ECLI:NL:RVS:2024:2364
Raad van State
- Hoger beroep
- E. Steendijk
- Rechtspraak.nl
Hoger beroep vreemdeling tegen afwijzing machtiging tot voorlopig verblijf
In deze zaak gaat het om een hoger beroep van een vreemdeling tegen de afwijzing van zijn aanvraag voor een machtiging tot voorlopig verblijf door de staatssecretaris van Justitie en Veiligheid. De aanvraag werd op 13 augustus 2021 afgewezen, waarna de vreemdeling bezwaar maakte. Dit bezwaar werd op 8 september 2022 ongegrond verklaard. De rechtbank Den Haag verklaarde op 30 maart 2023 het beroep van de vreemdeling ongegrond. De vreemdeling, vertegenwoordigd door mr. P. Scholtes, heeft hiertegen hoger beroep ingesteld.

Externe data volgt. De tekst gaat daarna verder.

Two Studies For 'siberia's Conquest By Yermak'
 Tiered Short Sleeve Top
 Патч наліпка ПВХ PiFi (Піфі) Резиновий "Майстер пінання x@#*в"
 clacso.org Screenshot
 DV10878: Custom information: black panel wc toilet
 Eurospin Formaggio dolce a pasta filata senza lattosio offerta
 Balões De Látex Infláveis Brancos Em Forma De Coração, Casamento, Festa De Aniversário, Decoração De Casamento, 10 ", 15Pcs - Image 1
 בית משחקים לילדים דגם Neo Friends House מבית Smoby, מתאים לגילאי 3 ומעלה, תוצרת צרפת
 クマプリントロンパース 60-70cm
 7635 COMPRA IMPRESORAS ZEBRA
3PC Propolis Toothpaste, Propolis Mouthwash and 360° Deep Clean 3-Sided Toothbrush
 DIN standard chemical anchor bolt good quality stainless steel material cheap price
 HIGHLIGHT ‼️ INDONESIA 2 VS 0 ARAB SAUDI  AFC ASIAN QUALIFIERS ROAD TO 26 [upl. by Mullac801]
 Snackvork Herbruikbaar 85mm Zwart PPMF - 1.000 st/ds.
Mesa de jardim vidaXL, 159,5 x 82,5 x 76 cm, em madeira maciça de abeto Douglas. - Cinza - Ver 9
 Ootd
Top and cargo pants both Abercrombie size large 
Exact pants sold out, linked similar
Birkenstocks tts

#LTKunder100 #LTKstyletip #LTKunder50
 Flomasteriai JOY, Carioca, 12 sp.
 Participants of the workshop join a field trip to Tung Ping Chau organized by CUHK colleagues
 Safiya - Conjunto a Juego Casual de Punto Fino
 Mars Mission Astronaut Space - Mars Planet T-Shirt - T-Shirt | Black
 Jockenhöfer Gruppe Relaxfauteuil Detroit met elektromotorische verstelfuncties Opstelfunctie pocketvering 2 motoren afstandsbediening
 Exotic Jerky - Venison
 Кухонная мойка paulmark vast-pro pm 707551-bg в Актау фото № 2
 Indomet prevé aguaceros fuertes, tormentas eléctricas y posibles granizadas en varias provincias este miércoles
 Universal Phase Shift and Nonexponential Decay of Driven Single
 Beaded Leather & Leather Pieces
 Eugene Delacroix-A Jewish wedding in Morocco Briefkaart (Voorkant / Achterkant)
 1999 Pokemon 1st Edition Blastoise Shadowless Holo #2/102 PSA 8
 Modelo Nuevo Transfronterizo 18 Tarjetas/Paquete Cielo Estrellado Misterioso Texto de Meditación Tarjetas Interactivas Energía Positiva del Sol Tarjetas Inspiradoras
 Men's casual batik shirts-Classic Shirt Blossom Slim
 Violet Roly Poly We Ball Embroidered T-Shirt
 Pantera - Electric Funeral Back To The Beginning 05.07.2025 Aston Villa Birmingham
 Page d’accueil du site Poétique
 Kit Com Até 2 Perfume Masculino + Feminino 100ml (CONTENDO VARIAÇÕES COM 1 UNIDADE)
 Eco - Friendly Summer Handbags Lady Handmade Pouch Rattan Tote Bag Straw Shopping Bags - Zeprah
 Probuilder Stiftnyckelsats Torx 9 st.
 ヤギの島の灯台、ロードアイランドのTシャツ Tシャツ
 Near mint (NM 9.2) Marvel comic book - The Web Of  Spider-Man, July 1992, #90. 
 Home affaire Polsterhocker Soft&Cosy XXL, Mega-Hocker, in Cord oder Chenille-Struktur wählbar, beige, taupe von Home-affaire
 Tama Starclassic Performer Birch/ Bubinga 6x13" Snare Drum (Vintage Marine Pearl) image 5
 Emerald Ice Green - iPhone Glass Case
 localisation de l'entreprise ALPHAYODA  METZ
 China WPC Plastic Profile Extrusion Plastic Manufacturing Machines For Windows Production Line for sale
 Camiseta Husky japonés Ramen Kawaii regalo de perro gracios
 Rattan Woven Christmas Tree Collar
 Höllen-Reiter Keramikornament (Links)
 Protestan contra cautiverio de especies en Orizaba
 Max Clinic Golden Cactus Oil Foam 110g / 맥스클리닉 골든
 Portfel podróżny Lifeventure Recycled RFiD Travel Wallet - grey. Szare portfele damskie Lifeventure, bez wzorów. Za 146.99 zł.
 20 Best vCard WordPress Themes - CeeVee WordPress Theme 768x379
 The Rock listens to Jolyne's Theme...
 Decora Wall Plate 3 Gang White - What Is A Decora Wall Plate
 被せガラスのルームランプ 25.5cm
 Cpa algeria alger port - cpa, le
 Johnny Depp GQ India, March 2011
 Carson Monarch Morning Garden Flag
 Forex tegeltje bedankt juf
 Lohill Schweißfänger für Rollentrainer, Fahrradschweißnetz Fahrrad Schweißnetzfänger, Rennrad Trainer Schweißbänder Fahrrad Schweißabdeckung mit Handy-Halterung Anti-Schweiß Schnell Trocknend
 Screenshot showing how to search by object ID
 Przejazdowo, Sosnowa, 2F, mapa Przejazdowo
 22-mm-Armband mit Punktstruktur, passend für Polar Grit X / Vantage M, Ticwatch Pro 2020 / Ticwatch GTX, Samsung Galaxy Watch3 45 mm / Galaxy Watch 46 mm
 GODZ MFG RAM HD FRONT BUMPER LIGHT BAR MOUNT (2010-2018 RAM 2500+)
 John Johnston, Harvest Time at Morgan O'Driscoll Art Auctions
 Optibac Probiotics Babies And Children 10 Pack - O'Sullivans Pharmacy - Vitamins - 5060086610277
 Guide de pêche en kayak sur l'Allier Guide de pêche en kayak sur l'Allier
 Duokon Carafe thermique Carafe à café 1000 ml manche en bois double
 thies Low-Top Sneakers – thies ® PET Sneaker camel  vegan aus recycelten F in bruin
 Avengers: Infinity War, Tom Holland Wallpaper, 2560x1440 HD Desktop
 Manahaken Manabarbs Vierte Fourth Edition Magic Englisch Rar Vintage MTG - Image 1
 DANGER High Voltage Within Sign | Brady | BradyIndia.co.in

De Afdeling bestuursrechtspraak van de Raad van State heeft op 10 juni 2024 uitspraak gedaan. De eerste grief van de vreemdeling werd niet gegrond bevonden, omdat deze geen vragen bevatte die in het belang van de rechtseenheid, rechtsontwikkeling of rechtsbescherming beantwoord moesten worden. De tweede grief, die betrekking had op de belangenafweging van de staatssecretaris in het kader van artikel 8 van het EVRM, werd eveneens afgewezen. De staatssecretaris had voldoende gemotiveerd dat er geen gezins- of familieleven bestond tussen de vreemdeling en zijn referent, en dat er geen bijkomende elementen van afhankelijkheid waren.
De Raad van State bevestigde de uitspraak van de rechtbank en oordeelde dat het hoger beroep ongegrond was. De staatssecretaris werd niet verplicht om proceskosten te vergoeden. De uitspraak werd openbaar uitgesproken op 10 juni 2024.